Democrats have long touted their party’s diversity, and justifiably so. Being able to claim “the big tent” has been an important part of the Democrat brand while the GOP identity has been one of racial and gender exclusivity. And few places, if any at all, have represented that exclusivity more than South Carolina.
Republicans in the Palmetto State have nominated a minority woman as their candidate for governor, rejecting three white male contenders in the process. And it wasn’t even close. State Representative Nikki Haley came within one percentage point of winning the nomination outright in the primary and then secured it with a landslide 65% victory in the runoff.
Two congressional races added to the GOP’s facelift. Haley’s colleague in the South Carolina House, Tim Scott, an African-American won the nomination for the 1st Congressional district seat with a no-doubt-about-it 68% runoff win. And, to dot the i in “irony,” he defeated the son of South Carolina icon, the late Senator Strom Thurmond.
In the 3rd District congressional runoff, voters in what is probably the state’s most hidebound region, rejected – though narrowly – an evangelical candidate for the more pragmatic Jeff Duncan.
While this was happening in the Republican contests, the Democrats were fighting to eliminate a Senate primary win by an African-American candidate over a white establishment opponent. Granted, the circumstances of Alvin Greene’s candidacy is … unusual … but had that story unfolded in the Republican party, you can bet cries of racism and charges of denying “the disenfranchised” would have brought the Justice Department into the state post-haste.
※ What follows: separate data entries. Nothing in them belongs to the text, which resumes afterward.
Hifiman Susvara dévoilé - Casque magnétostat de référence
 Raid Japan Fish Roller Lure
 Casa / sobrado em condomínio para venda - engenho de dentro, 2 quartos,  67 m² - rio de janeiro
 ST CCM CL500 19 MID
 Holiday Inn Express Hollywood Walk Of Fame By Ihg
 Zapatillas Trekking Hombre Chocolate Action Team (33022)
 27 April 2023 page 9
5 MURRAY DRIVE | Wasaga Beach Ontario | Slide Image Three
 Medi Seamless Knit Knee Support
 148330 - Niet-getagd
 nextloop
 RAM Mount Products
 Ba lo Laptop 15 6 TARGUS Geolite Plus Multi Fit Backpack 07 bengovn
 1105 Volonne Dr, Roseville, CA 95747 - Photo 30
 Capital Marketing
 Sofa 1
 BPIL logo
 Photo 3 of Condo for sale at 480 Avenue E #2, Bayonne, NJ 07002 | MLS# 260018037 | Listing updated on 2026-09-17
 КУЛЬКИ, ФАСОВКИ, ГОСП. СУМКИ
There is much yet to be done. After all, these are just nominations; the general elections are over four months away. And even if these stories carry through and these candidates win, women and minorities still make up far too little of the GOP resident population.
Nonetheless, these are seismic events in the Republican party in a state not known for the last bunch of generations for being particularly accepting of women and minorities in political office.
The tent is open and, clearly, the South Carolina Republican Party is telling everyone, “Y’all come!”